The magazines like The Saturday Evening Post and Collier’s which used to publish first-rate popular fiction are gone or publish other sorts of things. Elmore Leonard is a survivor from their golden era. He started out in the 1950s selling Western short stories to such magazines, then stepped up to writing Western novels. They were very successful and several of his Westerns (like the short story “3:10 To Yuma”) were sold to Hollywood and made into movies.
When the market for Western fiction started to die out, Leonard moved effortlessly it seemed into writing contemporary crime thrillers. His expertise at these made him into a perennially best-selling author — eventually recognized as a master of the form.
He has now written so many books, so many of which are so brilliant, that he has come to be recognized as one of the greatest of living writers, which he surely is — a development that the literary establishment usually reserves for a specialist in genre fiction only after he is dead.

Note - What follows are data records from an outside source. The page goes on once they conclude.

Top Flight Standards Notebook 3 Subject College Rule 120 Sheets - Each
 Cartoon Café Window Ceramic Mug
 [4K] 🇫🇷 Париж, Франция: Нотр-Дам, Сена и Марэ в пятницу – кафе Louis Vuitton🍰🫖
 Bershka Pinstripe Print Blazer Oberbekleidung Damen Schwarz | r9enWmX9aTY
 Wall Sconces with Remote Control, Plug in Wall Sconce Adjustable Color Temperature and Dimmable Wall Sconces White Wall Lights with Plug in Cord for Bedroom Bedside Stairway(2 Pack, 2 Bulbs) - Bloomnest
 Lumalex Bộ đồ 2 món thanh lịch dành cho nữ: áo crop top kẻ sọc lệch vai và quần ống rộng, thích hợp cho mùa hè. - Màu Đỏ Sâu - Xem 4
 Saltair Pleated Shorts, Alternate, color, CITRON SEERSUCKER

It’s been rumored that Leonard is going to try his hand at a Western again, but in a way he already has, in his novels featuring a character named Raylan Givens, a U. S. Marshal. (The TV show Justified is based on this character.)
The protagonists of Leonard’s crime thrillers are usually likeable rogues, no better than they ought to be, often playing both sides of the law. They’re just smarter and a bit more decent than the scumbags and psychos they invariably come up against. But Givens is different.
He’s a straight arrow, ruthless and efficient but careful to keep on the right side, his side, of the law. He’s also compassionate towards many of the low-lifes he’s charged with rounding up and bringing to justice, though never sentimental about them, and unfailingly gallant towards women. He’s lightning-fast with a gun in the presence of of bad guys with guns, and he’s utterly fearless, yet there is at the same time a kind of boyish innocence about him.
He is, in short, as close to the hero of a classic Western as one can find in any kind of serious fiction these days. He even wears a cowboy hat and boots. Leonard shied away from such heroes in his own Western fiction, because they had become clichés, but now Leonard has reinvented the cliché, brought it back from the dead.
Givens is almost a comic character — at least he’s seen as comic by many of the crooks who underestimate him, always at their peril. Women rarely underestimate him — they seem to intuit that he’s the real thing, a real man.
And he is — without apology, but also without self-consciousness. His values are ones he simply absorbed growing up in a family of coal miners in Kentucky — they are, to him, beyond questioning. He refuses to enter a private home without a search warrant because his mother once told him it wasn’t right to enter a person’s home without being invited (a search warrant being at least a kind of invitation.) That’s the end of the matter for Raylan.
Givens is a sly creation — so amusing and intriguing that Leonard can lure you sidewise into the profound respect you feel for him, for all the old-fashioned values he embodies. It’s one of the most astonishing literary feats of our time.
Do yourself a favor and get to know this guy — read Pronto and then its even more brilliant follow-up novel Riding the Rap. Read them for pleasure and for moral instruction. If you’re a writer, read them for a demonstration of how leaving out adverbs and adjectives can invigorate and propel a piece of fiction.